Water as human right – Historical overview

The following post is part of the @radiobubblenews research project on the privatization of water and sewerage companies in urban areas of Greece. The project is funded by the Isvara Foundation.

By @Polyfimos, translated by @SofoPaidi

When Peter Bradeck, president of Nestlé, one of the largest companies of water bottling in the world, confessed on camera that water is not a human right, a global discussion on what is a social product nowadays and what could be privately exploited, finally started on a well deserved basis. 

The privatization of the water supply in Greece almost always coexisted with financial crisis situations, empty State coffers and the immediate need for the State to get money from the private sector.

Historical overview

Athens experienced a significant population increase in the late 19th century, so the requirement of an adequate water supply to cover its residents's needs grew rapidly as well. The Roman aqueduct of Hadrian (150 AD) was the only water supply infrastructure in Athens, the capital of a country facing such huge financial problems that almost all of its post-independence (1821 AD) reconstructions relied exclusively on fundraising and donations.

In 1892, plans for an artificial lake in Marathon, an area approximately 44km northeast of Athens, were approved. However, the official bankruptcy of Greece in 1893, after the famous statement of Prime Minister Charilaos Trikoupis “Unfortunately we went bankrupt”, postponed its implementation for more than two decades. After 1889 Greece was under full financial control by its lenders and the State coffers were completely empty.

Athens and especially its suburbs were facing a huge water shortage at the time. The antiquated Hadrian aqueduct and the unprecedented poverty that followed Greece’s bankruptcy led the government to seek a viable solution for the restoration of the water supply system, always in close contact with its creditors.

The terms of the Greek bankruptcy were negotiated slowly by unstable governments, until Eleftherios Venizelos took the helm in 1925 and provided the solution that foreign investors were pursuing: the privatization of the water supply system of Athens.

This was preceded by the bloody Disaster of Asia Minor after the Greek military expedition was defeated by the Young Turks led by Kemal Ataturk in territories that were then under Greek control on the eastern coast of Turkey. More than one million of impoverished refugees from Smyrna (Izmir) came to the Greek capital looking for a new beginning. The conditions that prevailed in the city were indescribable and the need for an immediate response to the problem of water supply and sanitation was enormous. After 1924, the Venizelos government proceeded with extensive overseas borrowing that exceeded 900 million gold francs, meaning that the annual burden on each individual Greek was almost equal to per capita income.

In 1925 the Greek state signed a colonial contract with American company ULEN and the Bank of Athens, regarding the construction of water supply facilities in Athens. The agreement provided for the establishment of a new company named “Anonymous Greek Company of Athenian, Piraeus and Suburban Water”, with ULEN (50%) and Bank of Athens (50%) as its shareholders. 
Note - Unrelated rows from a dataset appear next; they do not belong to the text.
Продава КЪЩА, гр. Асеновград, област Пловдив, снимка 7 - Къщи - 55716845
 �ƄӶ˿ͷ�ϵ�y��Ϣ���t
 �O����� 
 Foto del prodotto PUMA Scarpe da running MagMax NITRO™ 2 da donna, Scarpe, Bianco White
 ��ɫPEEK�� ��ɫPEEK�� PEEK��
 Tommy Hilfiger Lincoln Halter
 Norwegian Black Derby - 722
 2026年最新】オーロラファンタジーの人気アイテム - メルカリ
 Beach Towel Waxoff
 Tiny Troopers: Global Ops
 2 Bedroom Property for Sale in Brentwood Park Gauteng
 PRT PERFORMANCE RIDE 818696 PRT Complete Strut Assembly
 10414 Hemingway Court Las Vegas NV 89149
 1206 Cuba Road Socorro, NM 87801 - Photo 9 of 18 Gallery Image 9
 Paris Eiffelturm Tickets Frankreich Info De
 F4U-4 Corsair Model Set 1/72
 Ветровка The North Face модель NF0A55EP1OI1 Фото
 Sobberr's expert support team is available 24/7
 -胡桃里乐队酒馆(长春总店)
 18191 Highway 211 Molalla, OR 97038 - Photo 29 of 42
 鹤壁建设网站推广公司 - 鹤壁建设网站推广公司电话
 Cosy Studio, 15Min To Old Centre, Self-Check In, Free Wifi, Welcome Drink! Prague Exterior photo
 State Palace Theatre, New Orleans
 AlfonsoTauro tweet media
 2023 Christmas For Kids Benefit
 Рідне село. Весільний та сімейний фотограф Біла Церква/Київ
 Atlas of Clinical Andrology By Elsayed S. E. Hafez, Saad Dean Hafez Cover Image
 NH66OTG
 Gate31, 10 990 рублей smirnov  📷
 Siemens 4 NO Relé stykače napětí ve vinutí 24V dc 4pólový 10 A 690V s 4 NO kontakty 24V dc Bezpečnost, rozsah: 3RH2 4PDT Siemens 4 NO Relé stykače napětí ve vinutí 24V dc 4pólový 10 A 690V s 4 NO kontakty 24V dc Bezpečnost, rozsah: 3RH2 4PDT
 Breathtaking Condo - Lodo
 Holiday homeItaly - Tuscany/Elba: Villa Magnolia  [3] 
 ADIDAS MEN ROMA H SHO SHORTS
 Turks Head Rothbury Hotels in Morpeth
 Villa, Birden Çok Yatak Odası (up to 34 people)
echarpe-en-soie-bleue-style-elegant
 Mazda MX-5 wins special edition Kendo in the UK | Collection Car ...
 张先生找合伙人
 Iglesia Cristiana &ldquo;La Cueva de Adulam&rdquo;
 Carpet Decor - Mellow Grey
Among other things, the contract specified that the price of water would be determined in such a way as to ensure sufficient income and revenues to pay for the cost of the operation and maintenance of water supply facilities. If this could not be achieved within one year, the government would be forced to increase the price of water immediately in order to reach the required amount [1]. 

The main water supply system construction started in October 1926 and was completed in 1929. According to professor Pavlos Papanotis “the annual expenditure for every family regarding their water supply amounted to 1,500 drachmas, compared to 150 drachmas that was the hitherto subscription fee”. Moreover, “each client had to pay 600 to 700 drachmas to obtain a water meter, while it was forbidden for private plumbers to repair any damage caused” [2].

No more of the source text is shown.